Paraffin-embedded GI biopsies from 30 HCV-RNA-positive patients of the ERA1 population were obtained from ISMETT’s Pathology Service. GI biopsies were collected for diagnostic purposes during endoscopic examinations. Twenty-one fresh duodenal biopsies of the ERA2 population were collected during upper GI endoscopy and delivered to the Research Department of Ismett. HCV-RNA was isolated from fresh, submerged in "RNAlater^®," and paraffin-embedded GI biopsies. The RNA purification was carried out using RNeasy Protect mini kit (Qiagen) from fresh samples and RNeasy FFPE kit (Qiagen) from five sections of 5 µm thickness paraffin-embedded GI samples. Purified RNA was retro-transcribed and amplified by RT-PCR with the Artus HCV RG RT-PCR kit (Qiagen) according to the manufacturer's instructions.

2.1.2 Plasma HCV-RNA evaluation and HCV genotyping

HCV-RNA was purified and amplified from plasma samples with COBAS AmpliPrep/COBAS TaqMan HCV quantitative test, v2.0 (Roche Diagnostics) (range ≥1.50E + 01 IU/mL-≤1.00E + 08 IU/mL) using COBAS AmpliPrep/COBAS TaqMan system (Roche Diagnostics). HCV genotype was determined by INNO-LipA HCV II kit (Innogenetics).

2.1.3 Statistical analysis

Quantitative variables are expressed as mean and range, and qualitative variables as absolute and relative frequencies. Comparisons between groups of quantitative and qualitative variables were made with two-sample t tests with Satterthwaite approximation to the degrees of freedom, and Fisher's exact test, as appropriate. All tests were two-sided, with a P value of <.05 indicative of statistical significance. Data handling and analyses were done with Stata version 13.1 software (Stata).

3 RESULTS

3.1 HCV-RNA detection in GI biopsies

In ERA1 group, composed of 30 patients treated with PEG-IFN-alpha/RBV, at the end of therapy only 14 patients (46,6%) maintained an SVR. Twenty-two patients out of 30 (73.3%) showed a positive HCV-RNA on GI biopsy; of these 22, 12 were responders (54.5%) and 10 non-responders (45.5%). HCV was not detected in GIM in only 26.6% (8/30) of patients, of which 25% (2/8) of responders and 75% (6/8) of non-responders (Table 2). For 10 patients, we could analyze a GI biopsy available before starting PEG-IFN-alpha/RBV. HCV-RNA was found before treatment in 7 of these 10 biopsies, and after antiviral treatment, 5 biopsies continued to maintain HCV-RNA. Only in 2/7 cases (28.6%), therefore, HCV-RNA was cleared in GIM by the antiviral treatment.

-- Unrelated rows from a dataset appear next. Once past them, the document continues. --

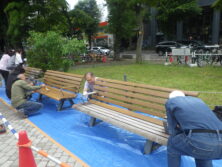 ベンチ塗装イベント　塗装中10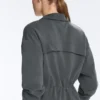 Giacca in modal Soft Touch con vita regolabile e collo alto Giacca in modal Soft Touch con vita regolabile e collo alto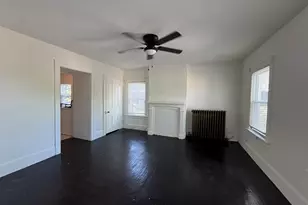 159 N 4th St, Aurora, IL 60505 - Photo 2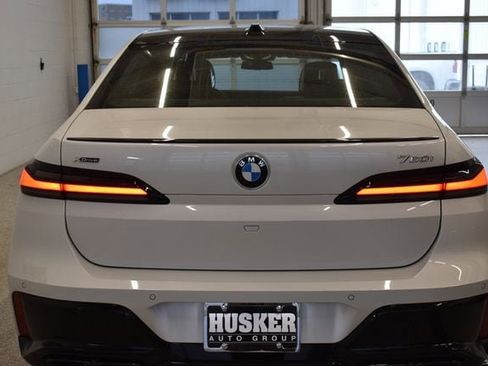 New 2026 BMW 760i xDrive image 11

TABLE 2. Response to treatment results and HCV-RNA in GI biopsies of ERA1 and ERA2 patients

LT patients ERA1 = 30

LT patients ERA2 = 21

P value*

Treatment with Peg-IFN + Riba

Response to Peg-IFN + Riba (%)

14 (46.6)

0 (0)

–

Treatment with SOF + Riba

Response to SOF + Riba (%)

14 (66.6)

–

Mean serum HCV-RNA at time of GI biopsy

(IU/ml), [range]

14.5 x10³

[10.9-17.3] x10³

12.6 x10³

[10.9-17.3] x10³

.001

GI biopsies in which HCV-RNA was evaluated after treatment

GI negative biopsies for HCV-RNA (%)

GI negative biopsies for HCV-RNA in responders (%)

8 (26.6)

2/14 (14.3)

18 (85.7)

14/14 (100)

<.001

Abbreviations: GI, gastrointestinal; NR, non-responders; R, responders.
* P value <.05 was considered statistically significant.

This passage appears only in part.